LOL – Yes, John has just said what I was trying to say, but has done so much more clearly.
Apologies, oneman – our posts seem to have crossed in the mail… Like John, I have my criticisms of economic liberal philosophy – but one of those criticisms is not that it isn’t a revolutionary philosophy. So I wasn’t trying to undermine your basic point – only to caution that people have often tried to ground their political ideals on various concepts of human nature, and I think this can be a very risky proposition. The “positive” side of this caution is that, fortunately, it remains possible to advocate for progressive political goals, even if scientific research invalidates a particular vision of human nature.
Sean Carroll has a post in which he catches Pinker’s misrepresentation of what is really dangerous in the Larry Summers episode (fiasco?).
If you wish to see examples of the small-mindedness of which you speak, out there is Kansas, visit scam.com. It will scare you.
Simplest thing in the world. Assume that choices are distributed along a normal curve. They are, in fact, absolutely random, but depending on outcomes some will appear to be smart while others appear to be stupid.
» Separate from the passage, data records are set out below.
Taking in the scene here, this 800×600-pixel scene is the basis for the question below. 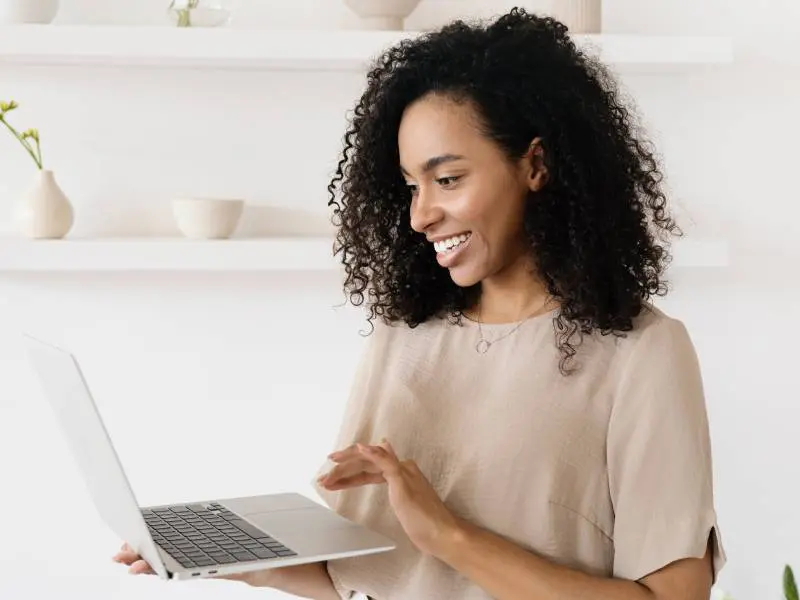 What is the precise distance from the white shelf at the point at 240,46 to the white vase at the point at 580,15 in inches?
1.9

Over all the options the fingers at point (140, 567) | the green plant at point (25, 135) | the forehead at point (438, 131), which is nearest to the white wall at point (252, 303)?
the green plant at point (25, 135)

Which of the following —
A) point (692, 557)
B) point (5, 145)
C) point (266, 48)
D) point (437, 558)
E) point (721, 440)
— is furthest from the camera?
point (721, 440)

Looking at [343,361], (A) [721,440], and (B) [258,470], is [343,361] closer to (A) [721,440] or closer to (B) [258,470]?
(B) [258,470]

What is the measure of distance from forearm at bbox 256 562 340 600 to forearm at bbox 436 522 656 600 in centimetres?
27

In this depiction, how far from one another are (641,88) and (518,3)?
32cm

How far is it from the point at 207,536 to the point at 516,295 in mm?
458

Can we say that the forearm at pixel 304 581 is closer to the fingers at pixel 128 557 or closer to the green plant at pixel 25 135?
the fingers at pixel 128 557

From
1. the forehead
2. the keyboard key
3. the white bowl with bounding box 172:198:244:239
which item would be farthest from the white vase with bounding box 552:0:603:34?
the keyboard key

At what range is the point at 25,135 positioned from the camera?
2.24m

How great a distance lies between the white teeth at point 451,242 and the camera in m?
1.29

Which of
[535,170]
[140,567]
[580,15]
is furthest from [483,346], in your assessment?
[580,15]

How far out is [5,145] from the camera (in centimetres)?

I can kinda see where you’re coming from, John — like Durkheim’s distribution of criminality in which one “tail” of the bell curve of human behavior is always outside the legal norms of a society — but the thing is, human decision-making is not “absolutely random”, it is purposive and guided (in theory, anyway) by intelligence. The only way such a curve would fall into place is if we assumed that a certain percentage of decisions will always result in failure to meet whatever criteria for “successful/intelligent decision-making” we were to decide on. For instance, consider 10 men who each want to get an apple from the tree. Each works out a process of getting an apple, and since each is equally intelligent and there is no unfairness, each plan is presumably as good as the next. Each gets an apple. Where’s the curve?
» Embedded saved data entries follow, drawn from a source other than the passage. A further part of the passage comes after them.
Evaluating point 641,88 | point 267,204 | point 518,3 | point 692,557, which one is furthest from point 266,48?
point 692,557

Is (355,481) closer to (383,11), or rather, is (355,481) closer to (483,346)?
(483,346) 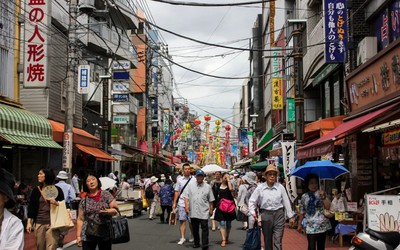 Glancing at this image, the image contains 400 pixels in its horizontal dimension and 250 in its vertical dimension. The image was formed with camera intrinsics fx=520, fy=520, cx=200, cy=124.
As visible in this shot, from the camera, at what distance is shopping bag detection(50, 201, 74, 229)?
851 centimetres

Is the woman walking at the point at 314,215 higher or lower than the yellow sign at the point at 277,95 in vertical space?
lower

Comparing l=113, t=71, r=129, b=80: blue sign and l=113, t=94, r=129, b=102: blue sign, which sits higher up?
l=113, t=71, r=129, b=80: blue sign

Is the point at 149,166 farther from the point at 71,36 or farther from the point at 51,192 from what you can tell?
the point at 51,192

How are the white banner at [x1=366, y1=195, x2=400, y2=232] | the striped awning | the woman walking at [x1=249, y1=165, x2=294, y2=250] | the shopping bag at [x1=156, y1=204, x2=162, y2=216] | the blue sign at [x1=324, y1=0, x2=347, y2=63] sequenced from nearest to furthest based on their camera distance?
the white banner at [x1=366, y1=195, x2=400, y2=232] < the woman walking at [x1=249, y1=165, x2=294, y2=250] < the blue sign at [x1=324, y1=0, x2=347, y2=63] < the striped awning < the shopping bag at [x1=156, y1=204, x2=162, y2=216]

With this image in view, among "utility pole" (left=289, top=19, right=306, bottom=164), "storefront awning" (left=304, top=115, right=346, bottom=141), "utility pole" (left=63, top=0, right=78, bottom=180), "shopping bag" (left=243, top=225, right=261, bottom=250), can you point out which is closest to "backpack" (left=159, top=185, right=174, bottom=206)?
"utility pole" (left=63, top=0, right=78, bottom=180)

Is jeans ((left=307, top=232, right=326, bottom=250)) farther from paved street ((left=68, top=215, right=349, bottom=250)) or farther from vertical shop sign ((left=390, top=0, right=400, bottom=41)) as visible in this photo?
vertical shop sign ((left=390, top=0, right=400, bottom=41))

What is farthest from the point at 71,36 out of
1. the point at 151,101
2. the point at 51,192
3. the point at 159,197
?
the point at 151,101

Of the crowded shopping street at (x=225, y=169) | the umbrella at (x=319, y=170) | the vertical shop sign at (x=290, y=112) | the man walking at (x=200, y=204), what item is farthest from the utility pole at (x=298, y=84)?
the vertical shop sign at (x=290, y=112)

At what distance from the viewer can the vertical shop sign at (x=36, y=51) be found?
732 inches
Now, consider that each is equally intelligent, but one is an asshole — every time he goes into a tree, he takes two apples. (Assume that each tree only makes 10 apples at any given time.) Over time, each of the other men will find their plan unsuccessful, as there is no apple to get. Statistically, the asshole will appear to have better plans, while the others will appear to create lesser plans — making it appear that one is smarter than the others. This produces the outcome you describe, but is not an “absolutely random” distribution either.